11.03 – Choosing The Right Supplier
Selecting the wrong supplier can be both stressful and costly. This section provides essential pointers for finding a reliable supplier that meets your business needs.
Key Questions for Evaluating Suppliers
When assessing potential suppliers, consider the following questions:
- Do they offer a guaranteed level of service?
- Do they have a strong business track record and evidence of financial stability? Check their accounts at Companies House.
- Do they have clients in your business sector and local area?
- Can they provide client references and impartial evidence of their quality?
- Can they meet rushed deliveries in case of emergency?
- What level of after-sales support do they provide?
- Do they offer value for money when compared to competitive services?
- Can you build a productive working relationship with them?
Evaluating Trading Terms
Buying from suppliers is essentially a mirror image of selling. As you negotiate, remember that suppliers are selling their services. Even with no intention to mislead, misunderstandings can occur. Always get agreements in writing.
Steps to Establish Trading Terms
- Verify Capabilities: Ensure that suppliers can deliver what you need and what they claim to offer by checking references.
- Negotiate Prices: Despite limited buying power, room for negotiation always exists. Research multiple suppliers to understand price ranges and aim to negotiate 10% below your target price. Be prepared for suppliers to initially claim non-negotiable prices.
- Explore Contract Terms: Examine delivery terms, payment conditions, risk and ownership, warranties and guarantees, termination clauses, arbitration rules, and governing law for dealings with overseas suppliers.

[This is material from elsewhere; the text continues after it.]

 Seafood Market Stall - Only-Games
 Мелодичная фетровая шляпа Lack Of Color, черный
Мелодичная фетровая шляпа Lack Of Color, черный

Building Supplier Relationships
Maintaining good relationships with suppliers is crucial for handling potential issues. Keep suppliers informed of your plans and intentions. This approach doesn’t commit you to buying extra products but encourages suppliers to support your goals, fostering a collaborative value chain.
Cost Management
Many businesses overpay for goods or services, leading to lower gross margins and poorer performance compared to competitors. Rather than seeking new suppliers immediately, discuss terms with your current supplier to potentially improve your deal.
Benefits of Online Buying
Buying online offers significant advantages for small firms. It can reduce costs, save management time, and improve cash flow by enabling just-in-time supply. The range of products and services available online is vast, covering everything from office supplies to heavy machinery.
Methods for Online Buying
- Joining an E-Buying Group: Online buying groups, also known as trading hubs, e-marketplaces, online communities, aggregators, and cost reducers, gather multiple suppliers in one place. This allows for easy comparison shopping without leaving your office. For example, you can quickly compare prices for office supplies or larger items like office furniture and photocopiers.
For a list of top players in the Group Buying space, check the Welp Magazine report. - Participating in Online Auctions: Auctions allow you to pay only what you’re willing to spend, though you may need to wait for the right deal. This method is ideal for purchasing items on your business wish list that are not immediate necessities.
- Bartering Online: Online barter exchanges enable you to trade your company’s products and services for those of other businesses. This approach is particularly useful for start-ups or companies with limited cash flow. You can swap services like ad space for accounting services or consulting for computers.
By following these guidelines, you can effectively choose suppliers that align with your business needs, negotiate favorable terms, and leverage online buying to optimize costs and efficiency.